## Coins on a Chessboard

There is a room with a chessboard inside. On each of its 64 squares, there is placed a coin, either heads up or heads down. You enter the room and a person inside points towards one special square on the chessboard and gives you the chance to flip one of the coins (whichever you choose). Then you leave the room, your friend enters and has to guess which was the special square on the chessboard. If you two could devise a plan before entering the room, how would you make sure your friend always guesses correctly which is the special square?

First, you must enumerate the coins with numbers from 1 to 64, locate the mystery coin, and calculate the binary representation of its number, padded with zeros on the left to 6 digits length.

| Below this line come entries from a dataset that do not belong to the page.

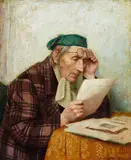 Wilhelm Müller-Schoenefeld, An Elderly Print Collector, Oil on panel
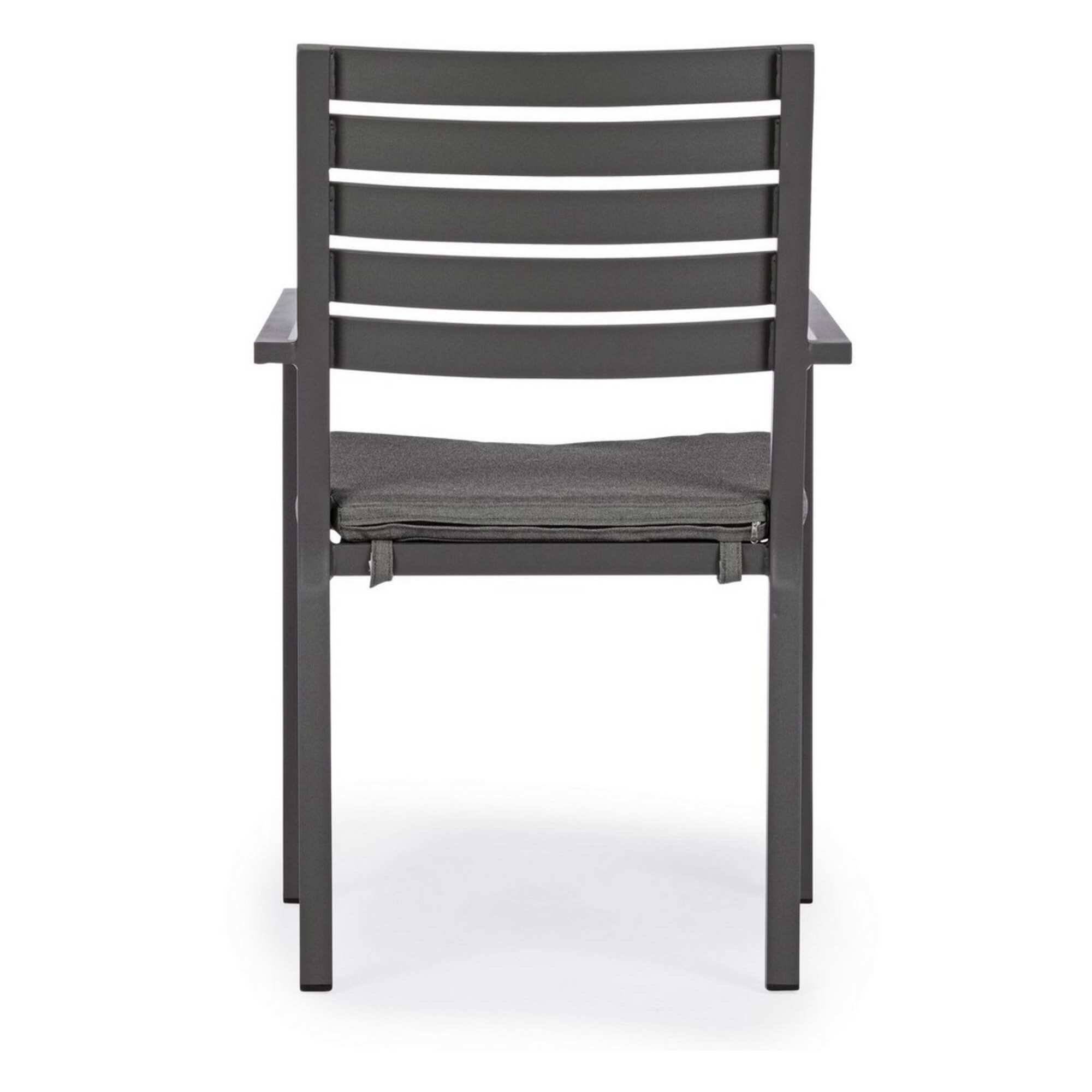Set 4 sedie da giardino MURGIA con cuscino sfoderabile in tessuto e struttura in alluminio antracite
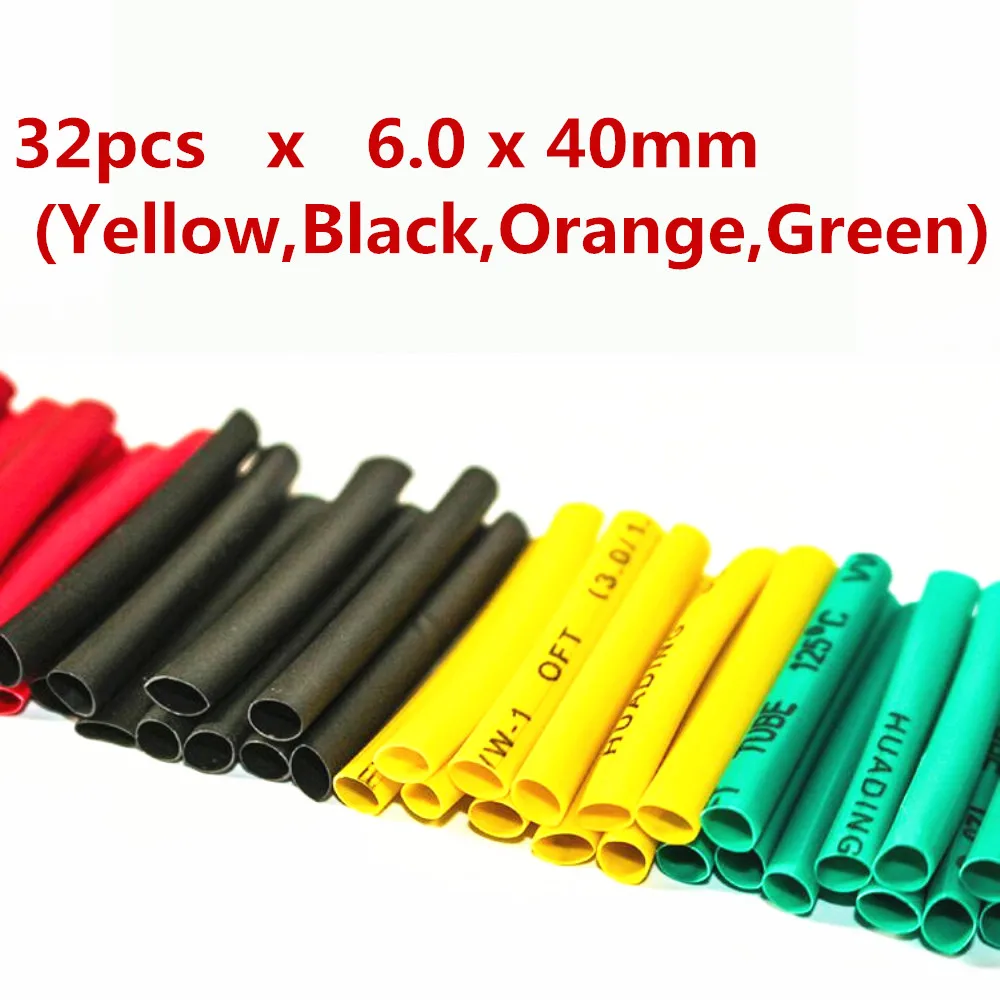 6.0mm32pcs 70/127/164/150/328/530 шт Ассорти Полиолефиновая термоусадочная трубка кабельная муфта Обёрточная бумага провода комплект утепленный термоусадочная трубка - Цвет: 6.0mm32pcs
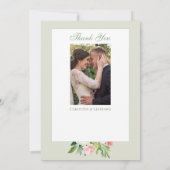 Aquarellfarbene Blume mit Foto Hochzeit Dankeskarte (Rückseite)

For example, if the mystery coin is the 5th one on the 4th row, its number would be 29 and will have a binary representation 011101. Then, consider the following sets of coins:

A1 = {row 1, row 2, row 3, row 4}
A2 = {row 1, row 2, row 5, row 6}
A3 = {row 1, row 3, row 5, row 7}
A4 = {column 1, column 2, column 3, column 4}
A5 = {column 1, column 2, column 5, column 6}
A6 = {column 1, column 3, column 5, column 7}

Now, the strategy is to flip the coin which makes the parity of heads in set Ai odd if and only if the i-th digit in the binary representation of the mystery coin is 1. It is easy to check that this is always a possible thing to do.

## The Majority Name

In a long list of names, one of the names appears more than half of the time. You will be read the names one at a time, without knowing how many they are, and without being able to write them down. If you have a very weak memory, how can you figure out which is the majority name?

Remember the first name and then keep track of whether it has been repeated more than half of the time. To do that, simply add 1 if you hear the name or subtract one when you hear another name. If the list finishes and your counter is positive, then the first name is the majority. If your counter drops to 0, simply restart the procedure with the next name you hear.

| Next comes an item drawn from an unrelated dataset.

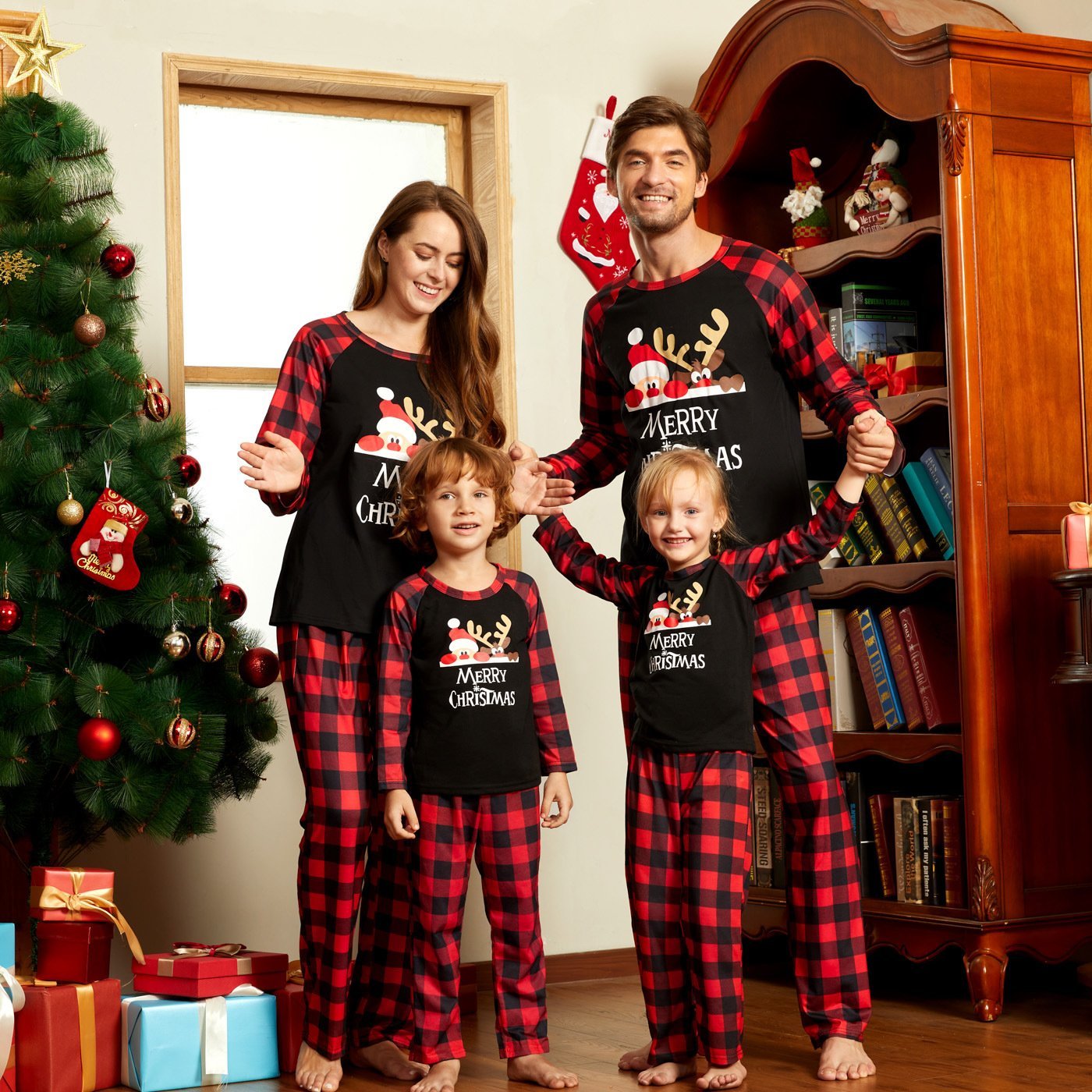 BuyLucky Deer Print Black Christmas Family Couples Matching Pajamas Party Sets Now Cheaper With 3 - 5 Days Ship - PajamasBuy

This algorithm, invented by R. Boyer and J. Moore, works, because if the counter ends up at 0, then each of the names up to that moment has been read at most half of the time. Therefore, the majority name appears more than half of the time in the remainder of the list.

## Ambiguous Clock

The hands of my alarm clock are indistinguishable. How many times throughout the day their positioning is such that one cannot figure out which is the hour hand and which is the minute hand?

Remark: AM-PM is not important.

Imagine that you have a third hand which moves 12 times as fast as the minute hand. Then, at any time, if the hour hand moves to the location of the minute hand, the minute hand will move to the location of the imaginary hand. Therefore, our task is to find the number of times during the day when the hour hand and the imaginary hand are on top of each other, and the minute hand is not.

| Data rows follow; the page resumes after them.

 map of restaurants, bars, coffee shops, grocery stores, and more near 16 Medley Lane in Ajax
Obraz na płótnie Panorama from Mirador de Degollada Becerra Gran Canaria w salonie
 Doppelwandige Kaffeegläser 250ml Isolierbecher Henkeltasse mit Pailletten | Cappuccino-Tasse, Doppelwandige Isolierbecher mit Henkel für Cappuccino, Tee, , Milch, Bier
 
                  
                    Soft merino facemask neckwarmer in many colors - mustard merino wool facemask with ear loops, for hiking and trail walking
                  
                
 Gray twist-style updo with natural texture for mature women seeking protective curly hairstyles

Since the imaginary hand moves 144 times faster than the hour hand, the two hands are on top of each other exactly 143 times between 12AM and 12PM. Out of these 143 times, 11 times all three arrows are on top of each other. Therefore, we have 2 × (143 – 11) = 264 times when we cannot figure out the exact time during the entire 24-hour cycle.

## Vectors -1, 0, 1

Consider all 1024 vectors in a 10-dimensional space with elements ±1. Show that if you change some of the elements of some of the vectors to 0, you can still choose a few vectors, such that their sum is equal to the 0-vector.

Denote the 1024 vectors with ui and their transformations with f(ui). Create a graph with 1024 nodes, labeled with ui. Then, for every node ui, create a directed edge from ui to ui-2f(ui). This is a valid construction, since the vector ui-2f(ui) has elements -1, 0, and 1 only. In the resulting graph, there is a cycle:

v1 ⇾ v2 ⇾ … ⇾ vk ⇾ v1.

Now, if we pick the (transformed) vectors from this cycle, their sum is the 0-vector:

f(v1) + f(v2) + … + f(vk) = (v2 – v1)/2 + (v3 – v2)/2 + … + (v1 – vk)/2 = 0.

## Odd Rectangle

The sides of a rectangle have lengths which are odd numbers. The rectangle is split into smaller rectangles with sides which have integer lengths. Show that there is a small rectangle, such that all distances between its sides and the sides of the large rectangle have the same parity, i.e. they are all even or they are all odd.

Source: Shortlist IMO 2017

Split the large rectangle into small 1×1 squares and color it in black and white, chessboard-style, such that the four corner squares are black. Since the large rectangle has more black squares than white squares, one of the smaller rectangles also must have more black squares than white squares. Therefore, the four corners of that smaller rectangle are all black. Then, it is easy to see that all distances between its sides and the sides of the large rectangle have the same parity.